Fuchigami Tai, Nishioka Masahiko, Akashige Toru, Nabeshima Taisuke, Nagata Nobuhiro
1 Department of Pediatric Cardiovascular Surgery, Okinawa Prefectural Nanbu Medical Center & Children's Medical Center, Haebaru-cho, Okinawa, Japan.
2 Department of Pediatric Cardiology, Okinawa Prefectural Nanbu Medical Center & Children's Medical Center, Haebaru-cho, Okinawa, Japan.
Asian Cardiovasc Thorac Ann. 2017 Jan;25(1):62-64. doi: 10.1177/0218492315622102. Epub 2016 Jul 11.

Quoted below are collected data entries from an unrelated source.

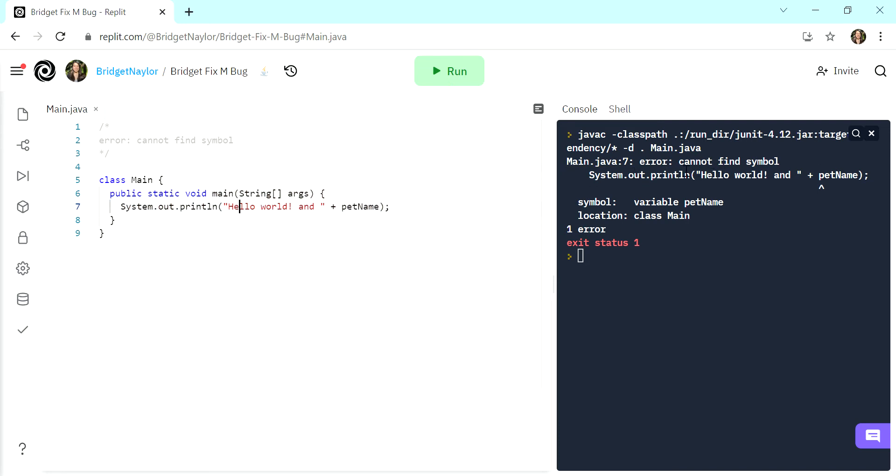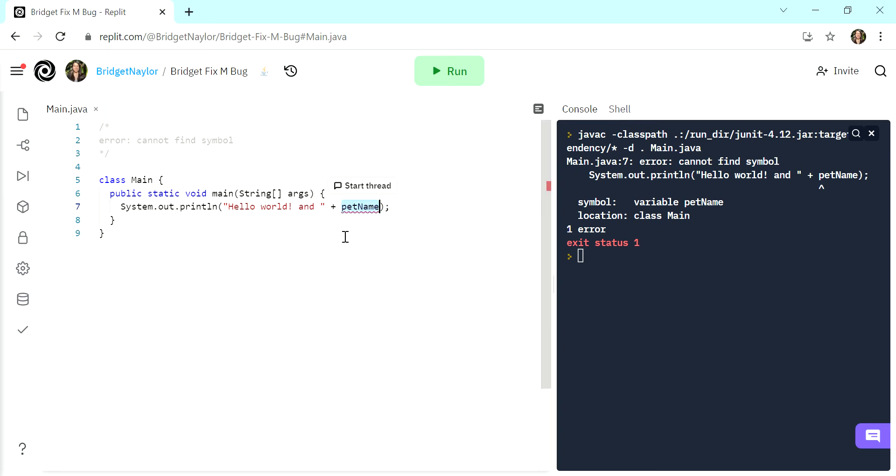And then it says error cannot find symbol, it points us at exactly the variable that has not been initialized or declared. And it's saying cannot find this symbol. So it recognizes that it's a variable, and it hasn't been initialized.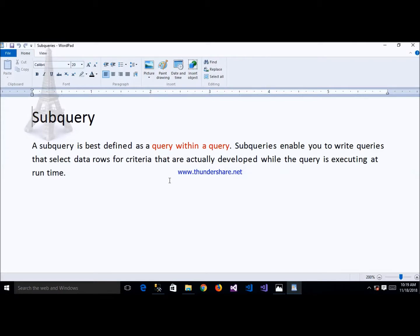Subquery is the most important part of SQL as well as in interviews. We can define subquery as a query within a query. The main purpose of a subquery is that we can use it to find out any record without using a join. Subquery enables you to write a query that selects data rows for criteria actually developed at runtime while the query is executing.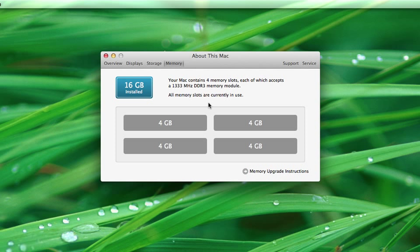My other recommendation is if you're going to be doing some basic web browsing, using email and some other basic applications like that, you should be fine with the 4 gigabytes installed in the baseline 2011 iMac.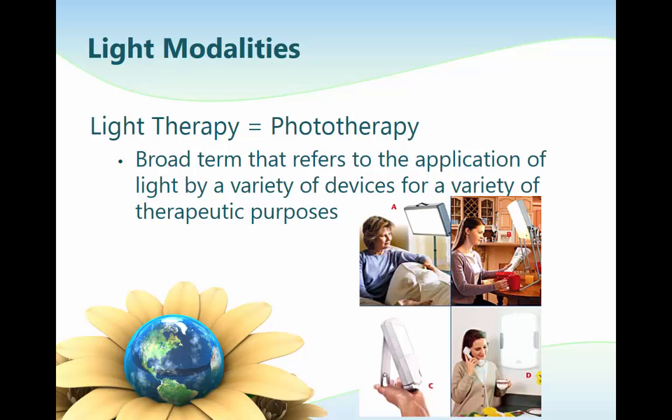Light therapy, sometimes referred to as phototherapy, is a broad term that refers to the application of light by many devices for a variety of therapeutic purposes. Light therapy began with lasers in the 1970s and is considered an emerging technology. There is a lot of confusion with the terminology.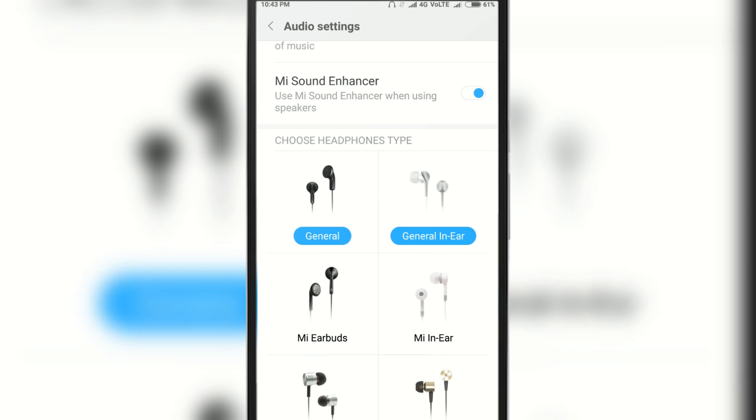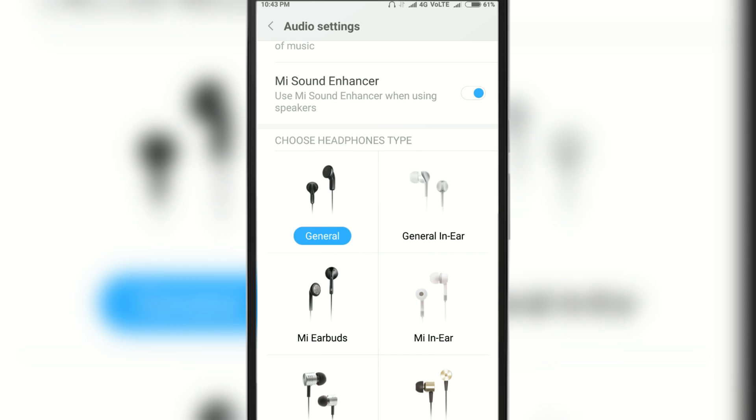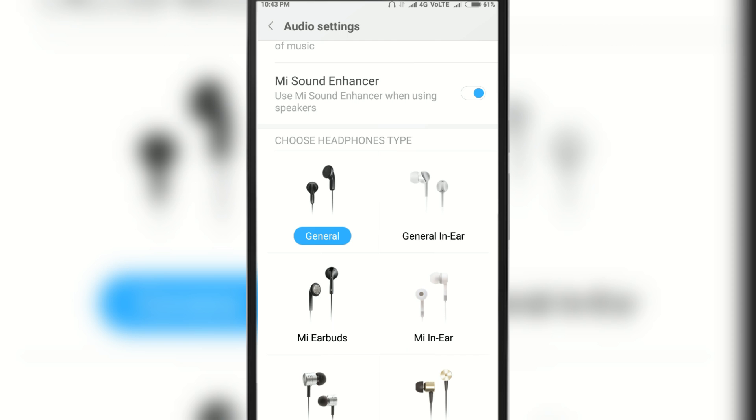Now once done, unplug your headphone jack and you will see that the headphone icon has been gone.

The association of total anomalous pulmonary venous connection with ventricular septal defect and aortic coarctation is rare. A premature neonate weighing 1350 g was diagnosed with infracardiac total anomalous pulmonary venous connection, aortic coarctation, and a perimembranous ventricular septal defect. On postnatal day 23, we performed emergency extended aortic arch anastomosis under total circulatory arrest, pulmonary venous connection repair using a primary sutureless technique, and patch closure of the atrial septal and perimembranous ventricular septal defects. The patient was discharged without complications. Postoperative echocardiography showed no residual coarctation or pulmonary venous obstruction and revealed small muscular ventricular septal defects.
完全性肺静脉异位连接合并室间隔缺损和主动脉缩窄的情况较为罕见。一名体重1350克的早产新生儿被诊断为心内型完全性肺静脉异位连接、主动脉缩窄和膜周部室间隔缺损。出生后第23天,我们在全循环停搏下进行了紧急扩大主动脉弓吻合术,采用原发性无缝合技术修复肺静脉连接,并对房间隔和膜周部室间隔缺损进行补片修补。患者出院时无并发症。术后超声心动图显示无残余缩窄或肺静脉梗阻,并发现有小的肌部室间隔缺损。